|
NetKernel News Volume 1 Issue 48
October 1st 2010
What's new this week?
Catch up on last week's news here
Repository Updates
There are no package updates this week. Steady as she goes.
New Packages
- rdf-opencalais 1.1.1 *NEW*
- An opencalais document analyzer library (see below)
New: OpenCalais Library
The OpenCalais Library provides tools to work with the OpenCalais services operated by Thomson Reuters. OpenCalais is a document analysis service to which documents may be submitted and analyzed using a range of engines. Currently the library provides:
- active:openCalaisAnalyze - analyzes a resource with the OpenCalais service, which takes argument for the resource to be analyzed together with a flexible configuration operator providing a range of options including the required output format. Output formats include xml/rdf and JSON.
OpenCalais is a free-to-use service, but has certain usage restrictions and requires users to obtain a license key.
Install
The library is available from NKEE and NKSE multiverse repositories as package rdf-opencalais.
Example Usage
Here is a very simple example analysing a literal string with a basic paramsXML specification and returning xml/rdf...

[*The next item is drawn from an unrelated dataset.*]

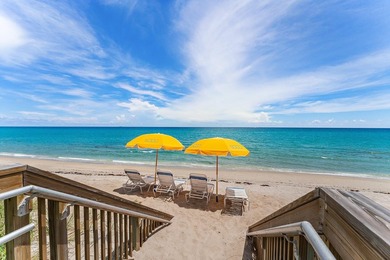 Experience the finest in Ocean to Intracoastal living in 5000 N - photo 47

message="""Friends, Romans and Countrymen, lend me your ears. Now is the winter of our discontent. What's in a name? That which we call a rose, by any other name would smell as sweet. The rain in Spain falls mainly on the plane. France is the home of smelly cheese. Albert Einstein discovered that E=mc^2 George Washington has a state named after him.""" params=""" <c:params xmlns:c="http://s.opencalais.com/1/pred/" xmlns:rdf="http://www.w3.org/1999/02/22-rdf-syntax-ns#"> <c:processingDirectives c:contentType="text/raw" c:outputFormat="xml/rdf" /> </c:params>""" req=context.createRequest("active:openCalaisAnalyze") req.addArgumentByValue("operand", message) req.addArgumentByValue("operator", params) req.addArgument("licenseID", "h6jnqxxxxxxxxxxxxxxxxxxx") //Your opencalais license here resp=context.issueRequestForResponse(req) //RequestForResponse to keep mimetype set by opencalais context.createResponseFrom(resp)
which produces the following xml/rdf representation...
<!--Use of the Calais Web Service is governed by the Terms of Service located at http://www.opencalais.com. By using this service or the results of the service you agree to these terms of service.-->
<!--Relations: Country: France, Spain NaturalFeature: Spain falls Person: Albert Einstein, George Washington-->
<rdf:RDF xmlns:rdf="http://www.w3.org/1999/02/22-rdf-syntax-ns#" xmlns:c="http://s.opencalais.com/1/pred/"> ...Many details omitted...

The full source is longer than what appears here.